Give back exactly the stretch of data below from the line holding "LV 黑牛皮Carry All Cargo Vibe PM銀釦肩斜背黑武士包M24861" through the line holding "El estado de", both ends included, and leave the remaining lines out.

EXTRACTED ENTRIES>
☆ ☆ ☆ ☆ ☆

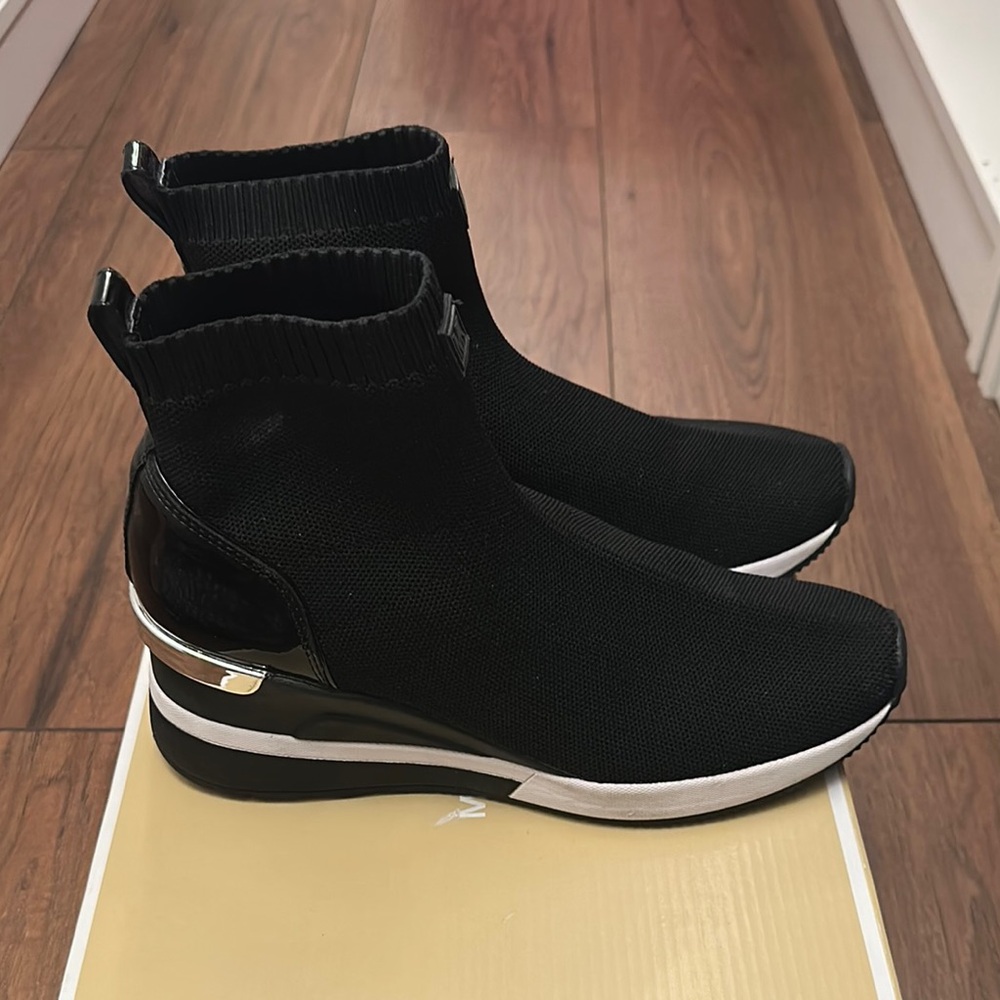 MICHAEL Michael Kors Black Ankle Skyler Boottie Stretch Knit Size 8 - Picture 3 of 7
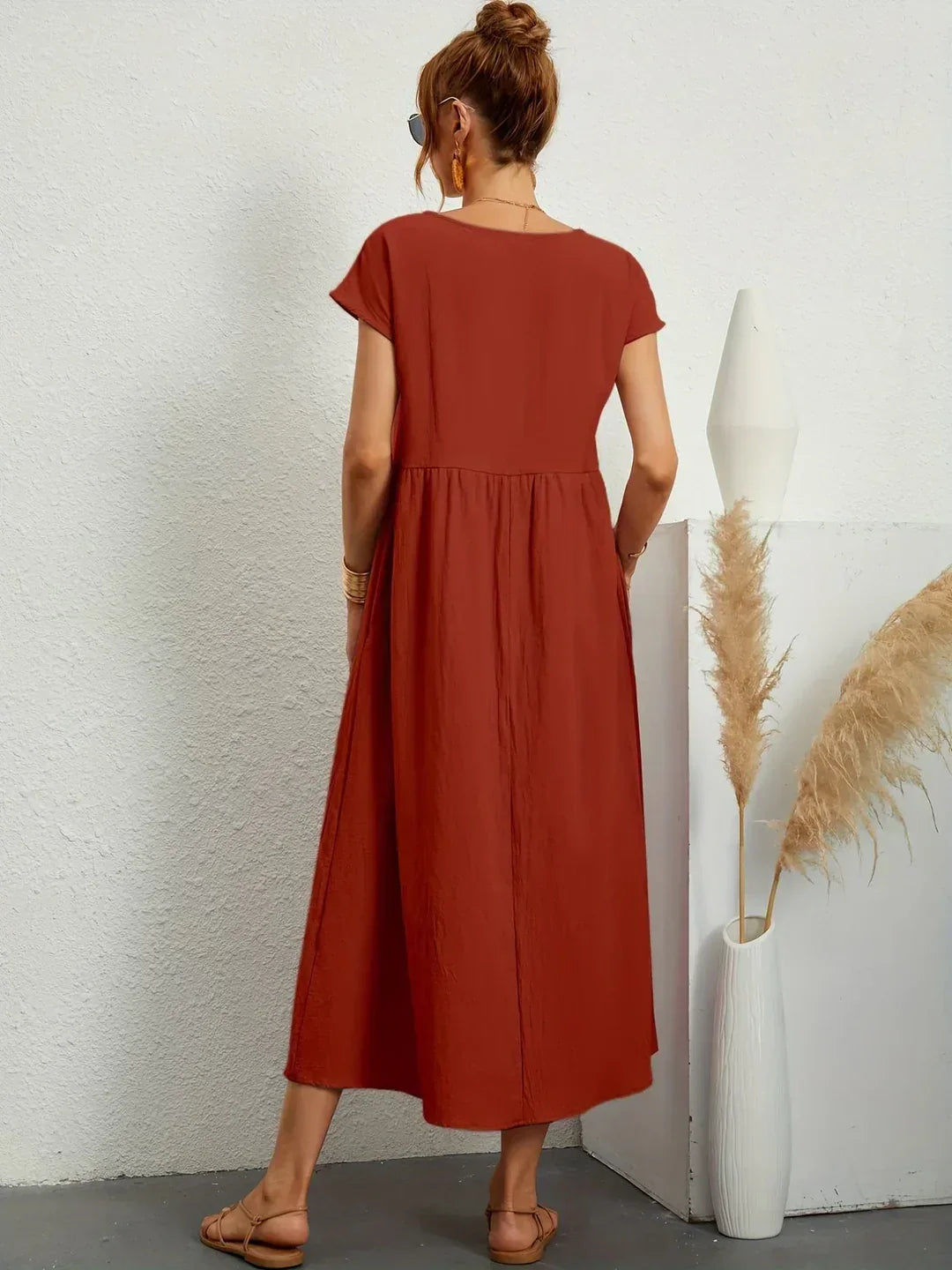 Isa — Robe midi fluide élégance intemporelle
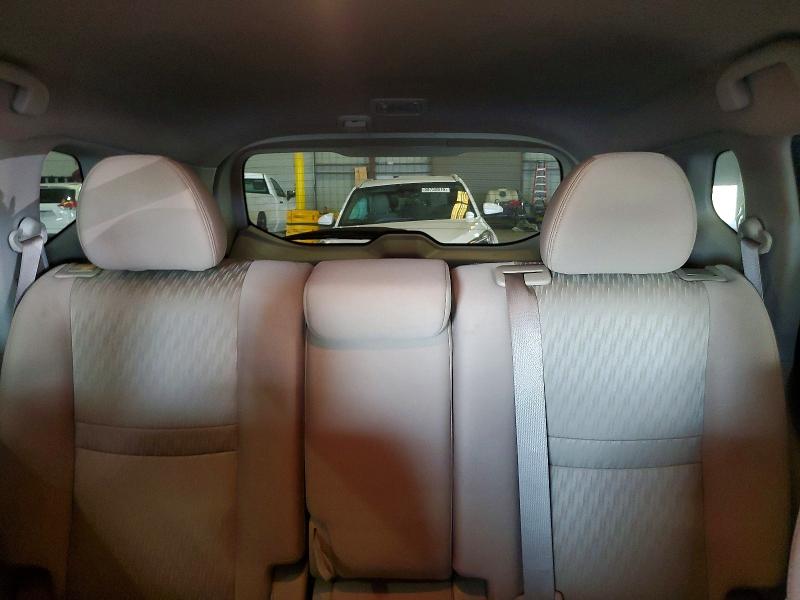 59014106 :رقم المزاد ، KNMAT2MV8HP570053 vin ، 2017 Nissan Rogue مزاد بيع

☆ ☆ ☆ ☆ ☆

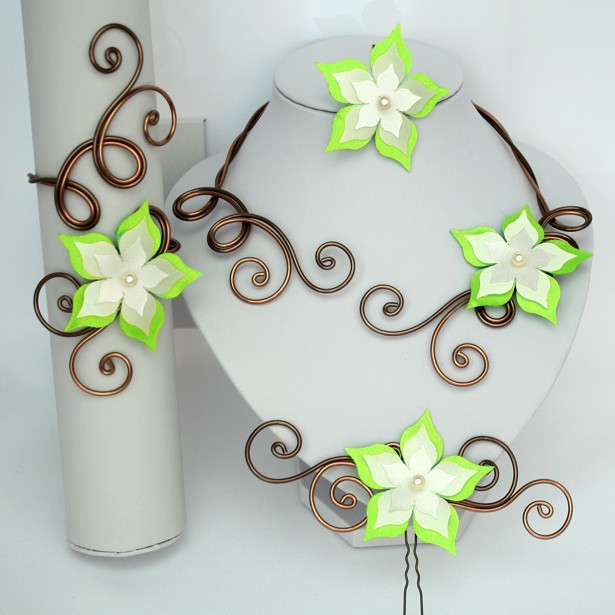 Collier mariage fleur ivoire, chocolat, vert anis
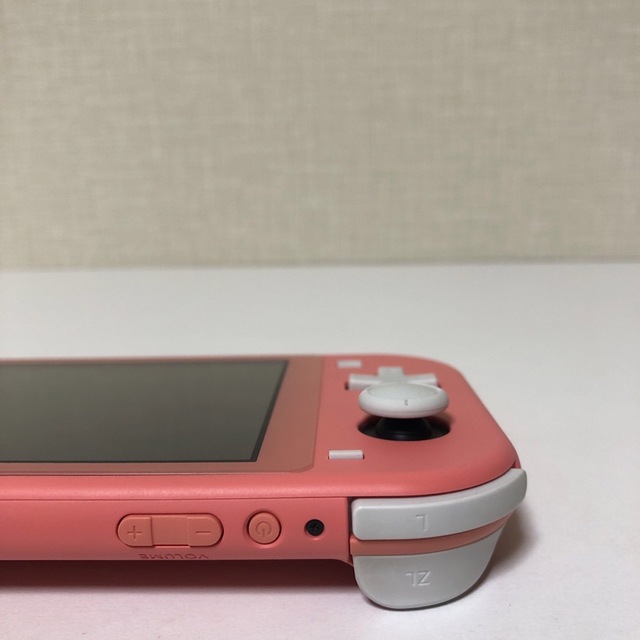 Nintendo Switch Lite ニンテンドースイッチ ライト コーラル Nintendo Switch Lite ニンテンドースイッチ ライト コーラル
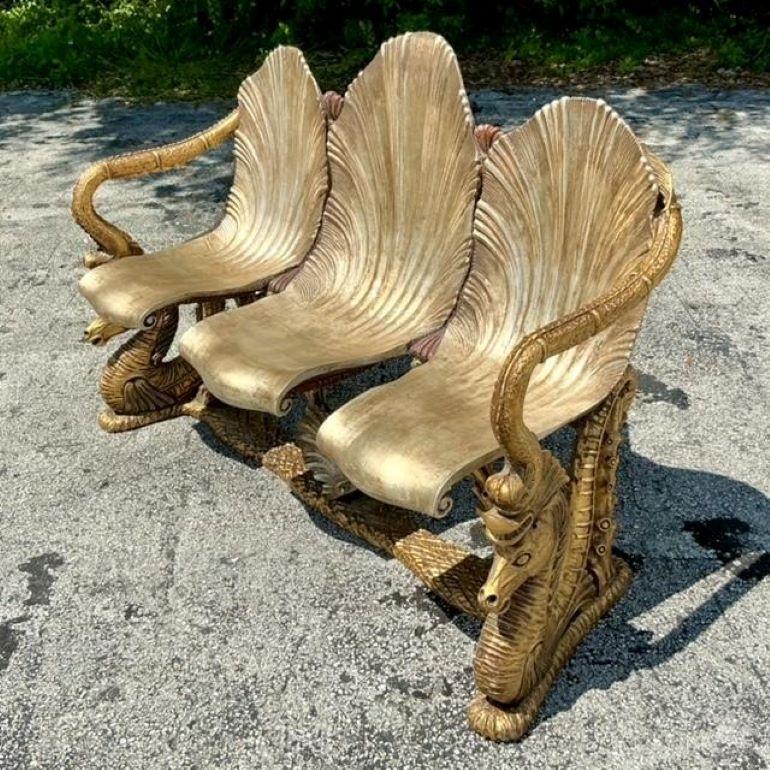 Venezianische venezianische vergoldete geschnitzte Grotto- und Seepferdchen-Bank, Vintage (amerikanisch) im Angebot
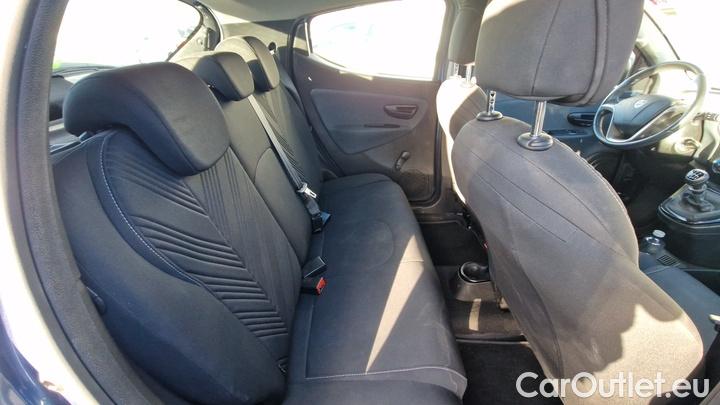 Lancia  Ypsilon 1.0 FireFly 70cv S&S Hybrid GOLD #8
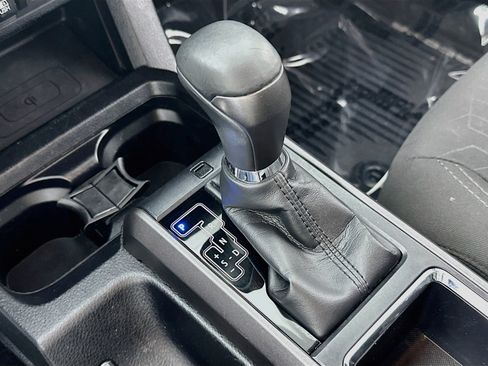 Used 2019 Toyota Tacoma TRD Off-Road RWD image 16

☆ ☆ ☆ ☆ ☆

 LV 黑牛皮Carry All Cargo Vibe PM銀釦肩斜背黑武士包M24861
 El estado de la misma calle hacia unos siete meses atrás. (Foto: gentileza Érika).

☆ ☆ ☆ ☆ ☆

ANSWER BELOW>
 LV 黑牛皮Carry All Cargo Vibe PM銀釦肩斜背黑武士包M24861
 El estado de la misma calle hacia unos siete meses atrás. (Foto: gentileza Érika).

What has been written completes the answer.